Mientras Ayuso sigue insistiendo en denunciar la caza de brujas contra Madrid -con la verborrea cultiparlista a la que nos tiene acostumbrados-, el aparato de televisión comienza a petardear y a exhalar un humo negro que no augura nada bueno. Se une a nuestra tarde de los martes de rosario y oración, el obispo Taltavull. Nos dice que se siente compungido y apesadumbrado, por haberse vacunado antes que otros miembros de la orden; pero que como se lo recomendaron sus casi cien expertos, transigió. Narra con voz gutural, que seguía las directrices marcadas en la homilía Papal. ¡Ah, bueno! exclamamos ambas mirándonos de reojo y propinándonos codazos. Su reverendísimo se tranquilizó mucho más, tras engullir sin tregua unas diecisiete pastas de mantequilla.

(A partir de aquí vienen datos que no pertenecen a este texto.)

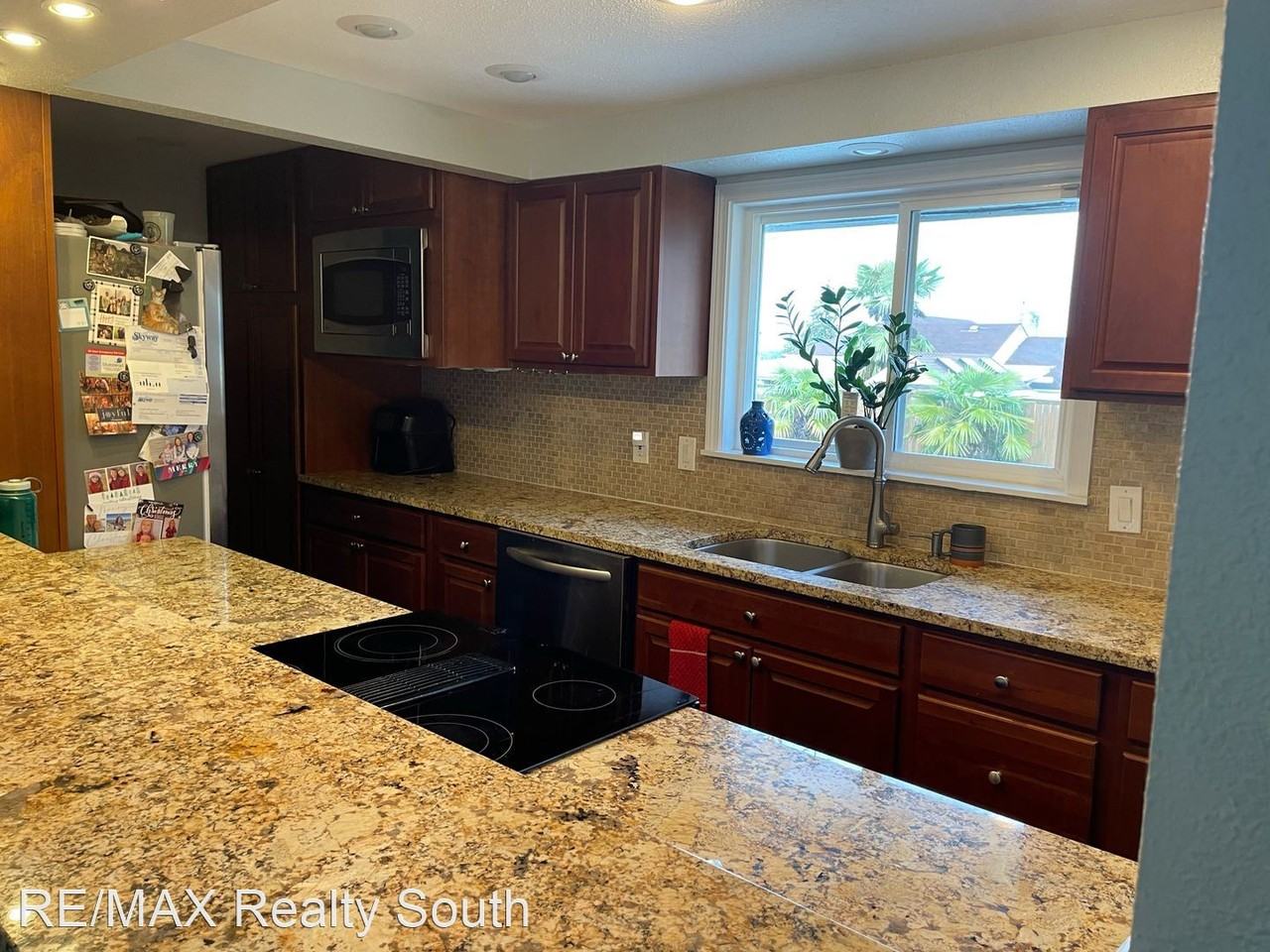7632 S Mission Dr - Photo 3 of 14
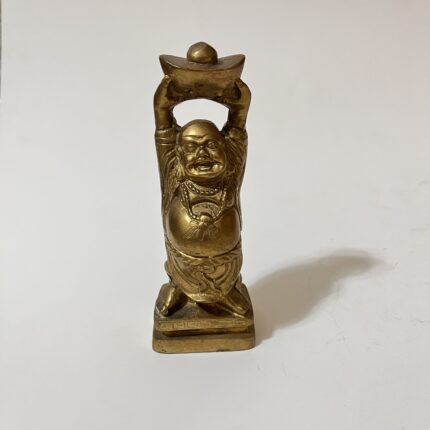পিতলের Laughing Buddha – সম্পদ, সৌভাগ্য ও ইতিবাচক শক্তির প্রতীক। ঘর, অফিস বা দোকানে রাখলে আনে শান্তি ও সমৃদ্ধি।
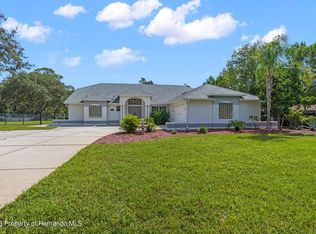 7565 Jomel Dr, Weeki Wachee, FL 34607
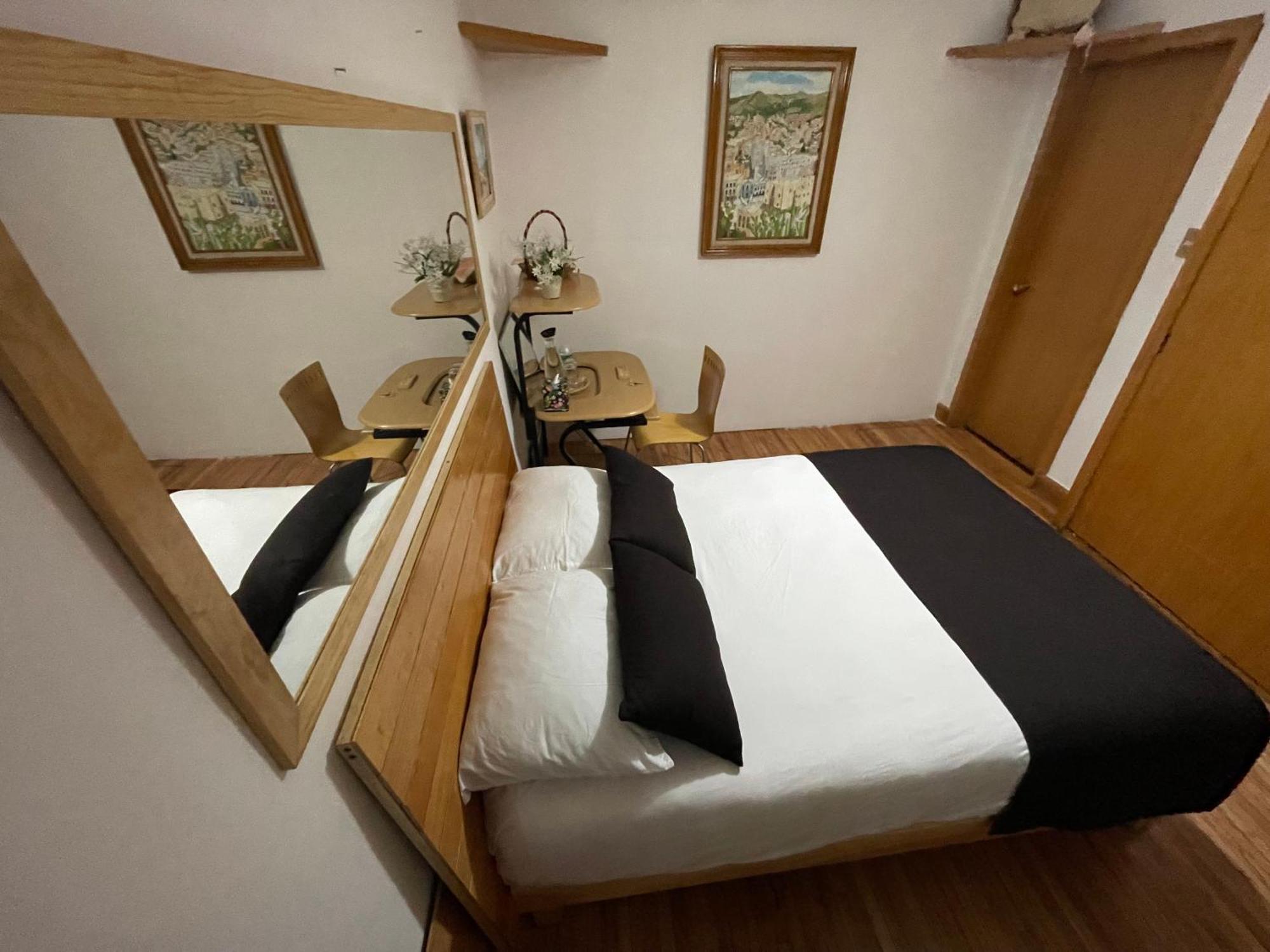 Hostal Roma Condesa Città del Messico Camera foto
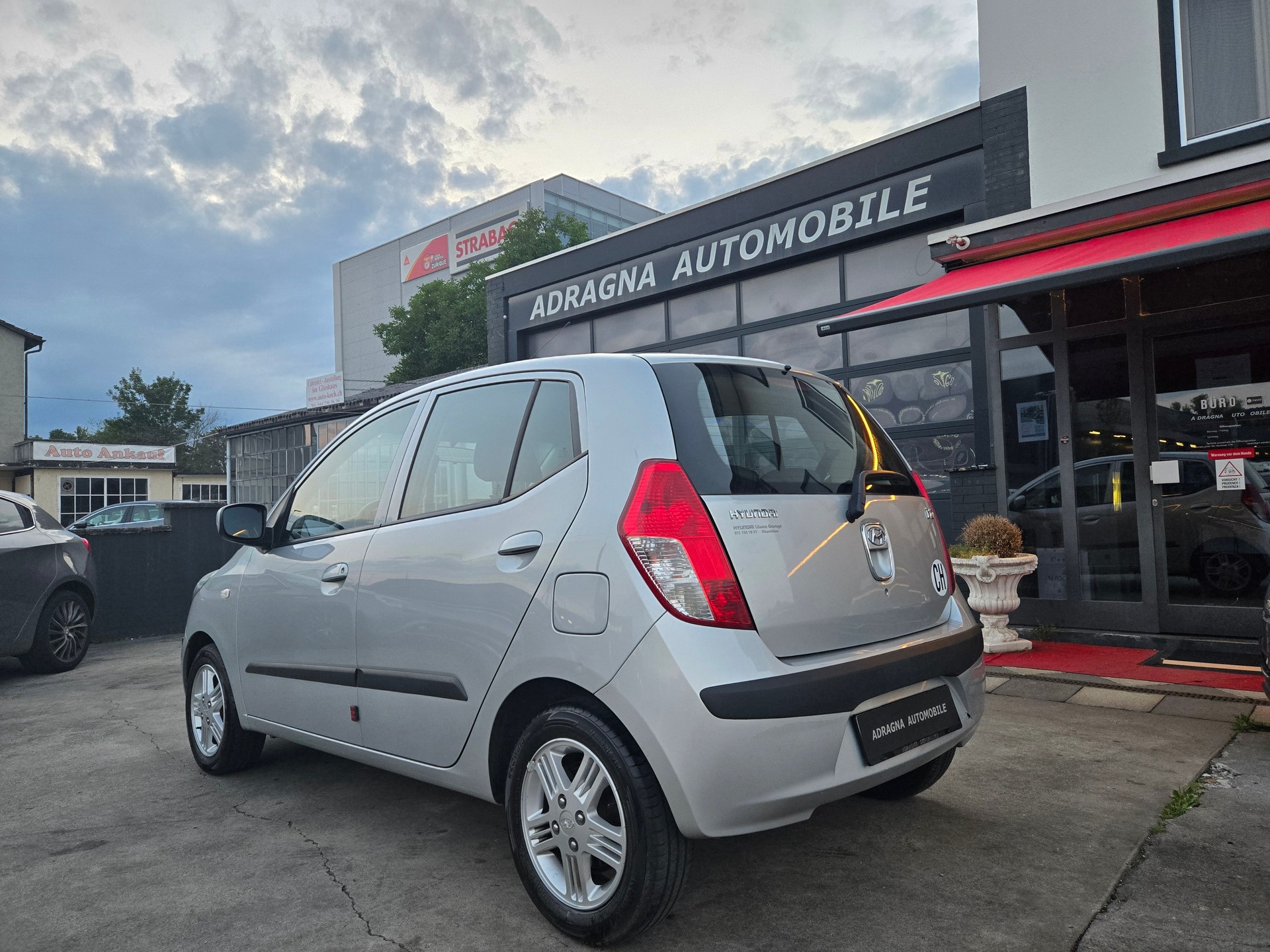 HYUNDAI i10 1.1 Style Automatic-image-3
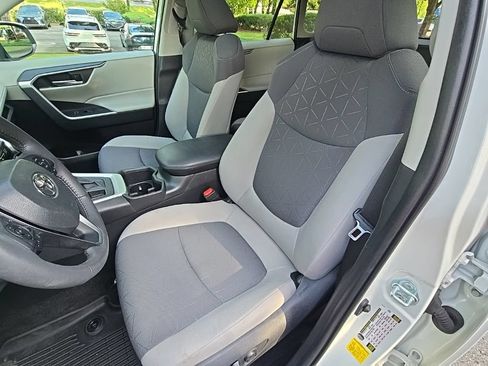 Used 2023 Toyota RAV4 XLE w/ Convenience Package AWD/4WD image 14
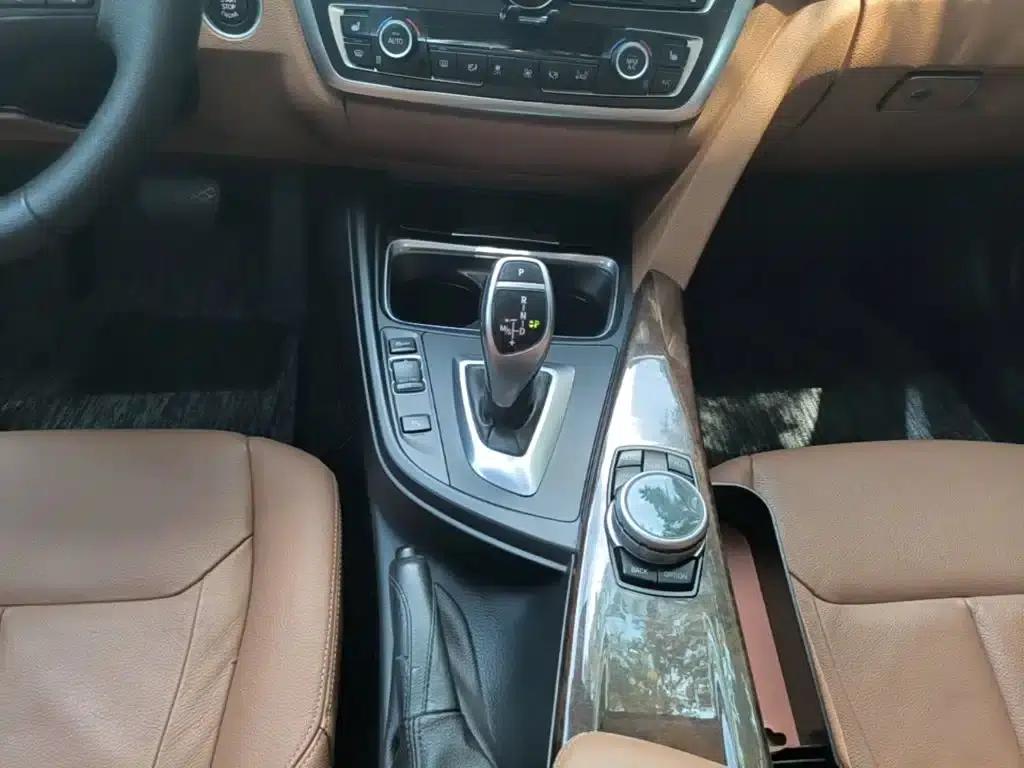2015 BMW 3 Series 320Li Luxury Design Package — миниатюра 14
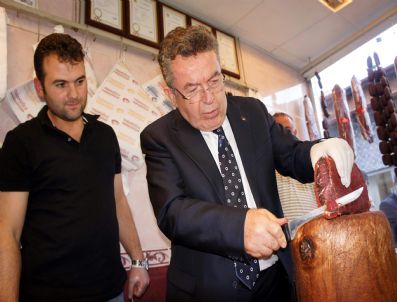 YUSUF ZİYA ÖZCAN - Yök Başkanı Özcan Pastırma Kesti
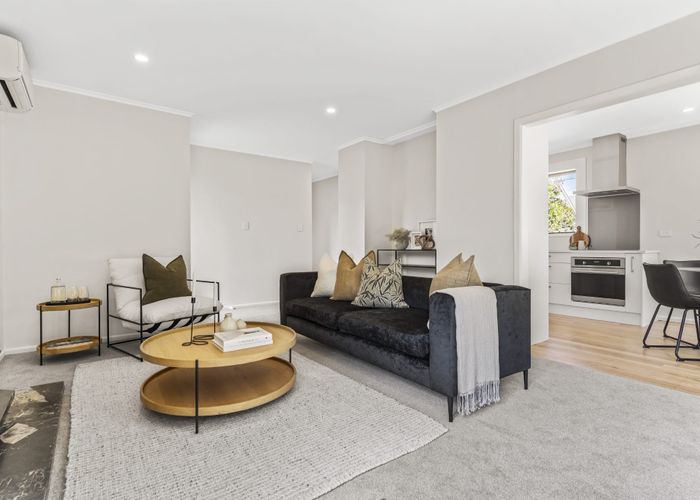  at 82A Riversdale Road, Avondale, Auckland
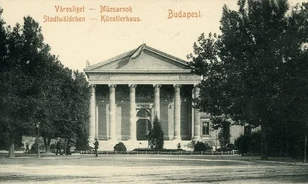 A Városliget részeként nagyszabású kert volt eredetileg a mai Hősök tere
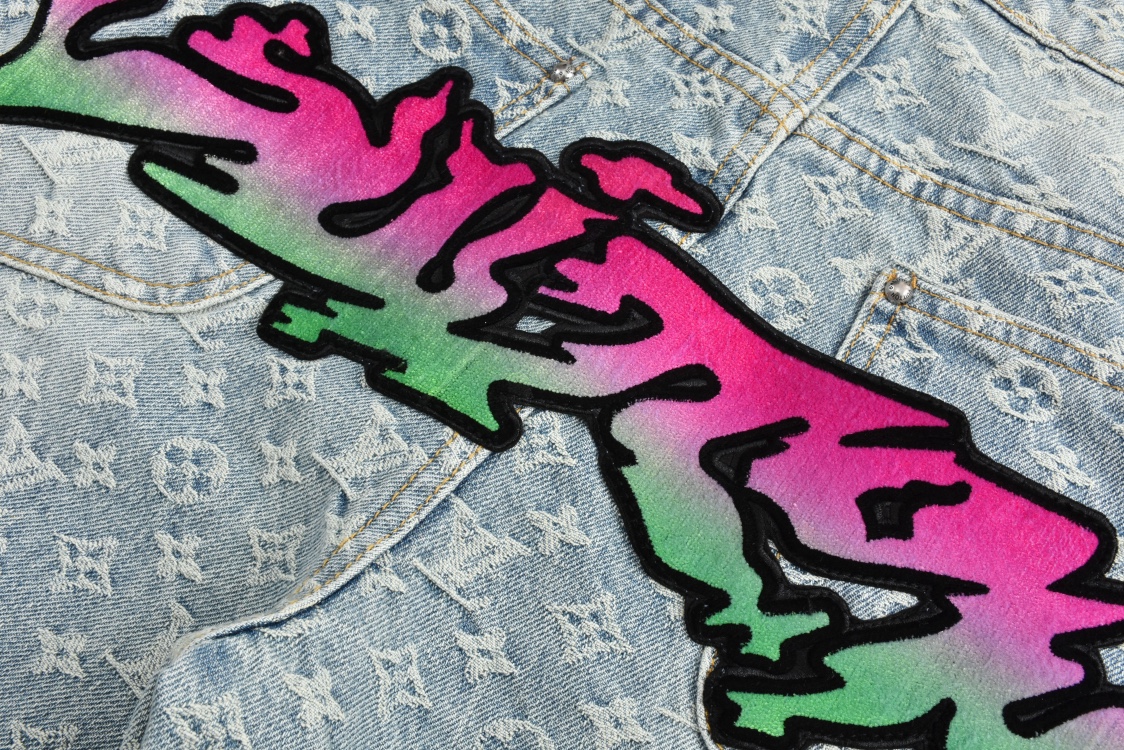 全码现货 1v 22SS 火焰提花牛仔裤-Chinese UA Cheap High Quatity Brand Clothes Bags handbags Sneakers wholesale wholesaler seller from China Factory suppliers Fashion Clothing Shoes best Quality Beautiful Price 全码现货 1v 22SS 火焰提花牛仔裤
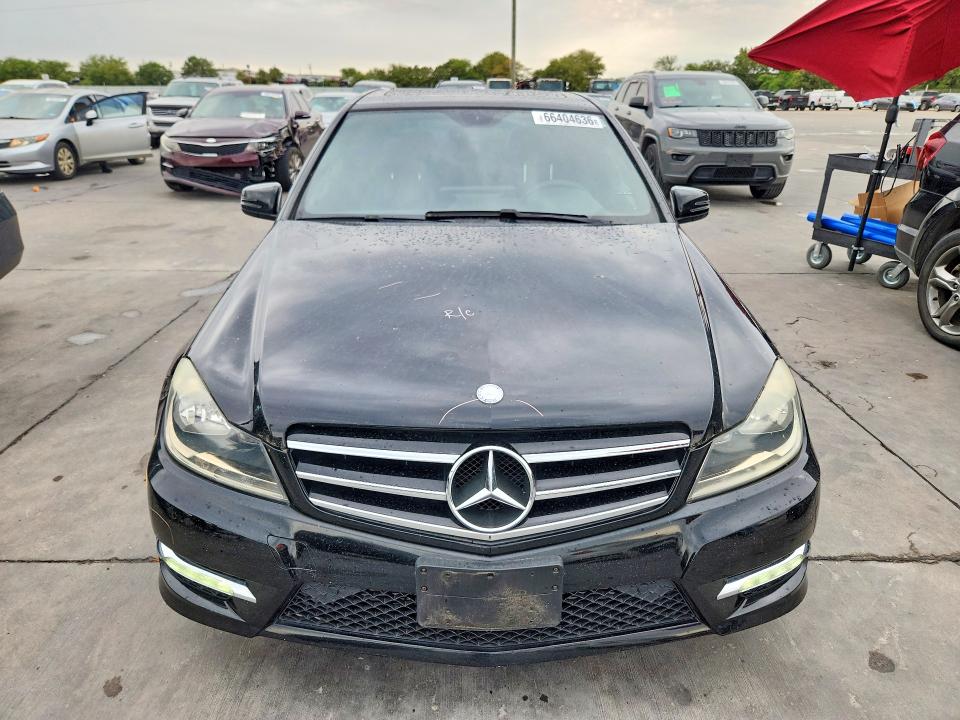 2014 Mercedes-benz C მანქანა იყიდება აუქციონზე, vin: WDDGF4HB7EA927983, აუქციონის ნომერი: 66404636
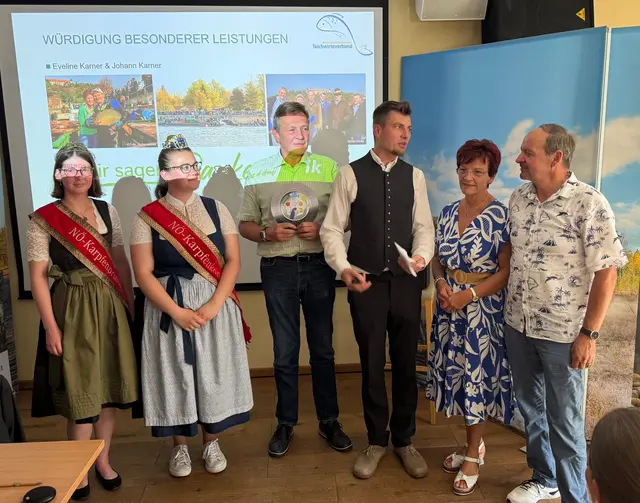 Karpfenprinzessin Theresia Edlinger, Karpfenkönigin Michaela Altmann, Obmann Stellvertreter der Teichwirteverbandes Georg Dirnberger, DI Leo Kirchweger Geschäftsführer des NÖ Teichwirteverbandes und die Karpfenbotschafter Eveline und Johann Karner

  | Foto: Teichwirteverband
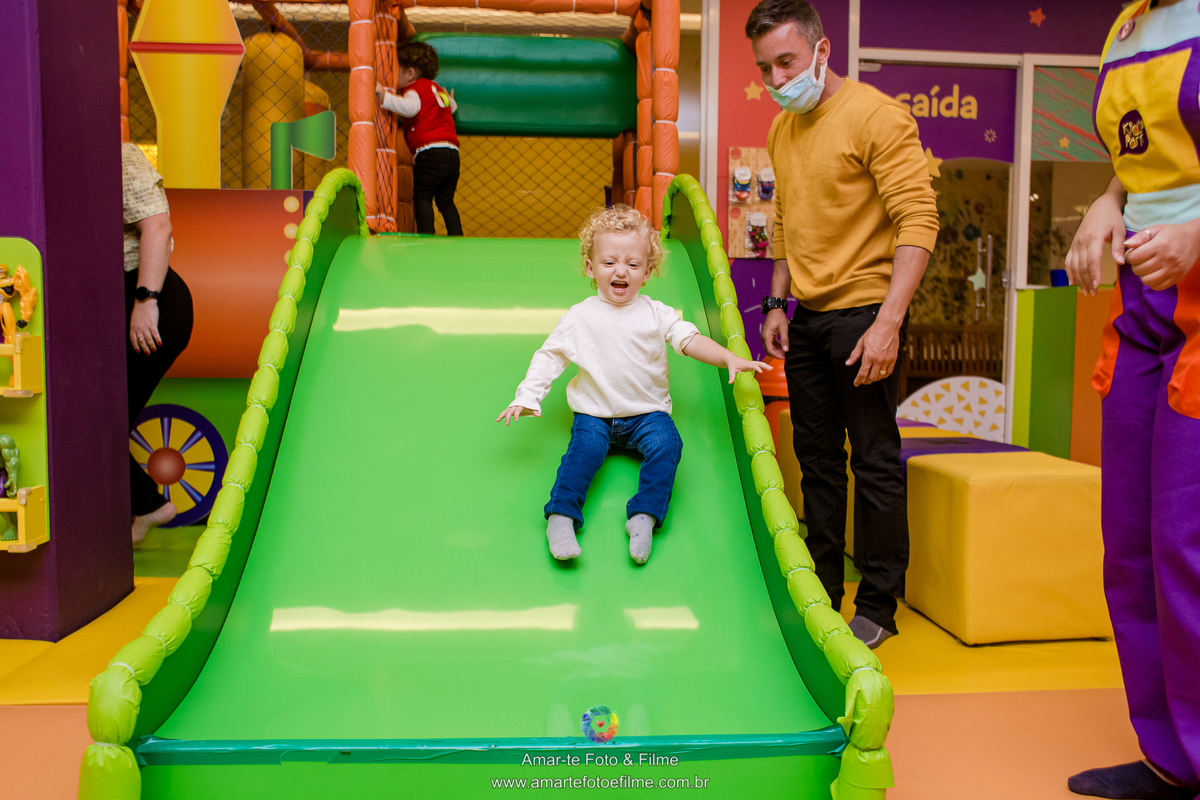 menino brincando pocoyo kids park escorrega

Le propuse a Petra un plan: vamos para la vejez a toda máquina, amiga – dije. ¿Qué tal si nos hacemos con un robot cuidador? He visto uno que nos vendría de perlas y tiene un nombre muy sugerente: Sofía.¡Anda! exclama Petra, ¡como la emérita! No. ¿Yo, republicana de toda la vida? ni hablar; y el contrabando de botellas de oxígeno, ya me da mucha faena…Le corté con un gesto. Supone un escalafón, un reto. Se trataría de que la robótica nos cuidase hasta el fin de nuestros días. ¡Agorera, más que agorera! -me espeta con desagrado. Con los ojos fijos en la línea del ondulado monte de Corbera, nos miramos conscientes de lo que se nos avecinaba. ¿Seres condenados a dejarse cambiar los pañales por una máquina? No sé. Me resulta muy difícil. ¿Y esa mano cálida apretando la tuya, arrugada y seca? ¿Puede hacer esa dulzura una máquina? Permíteme que lo dude.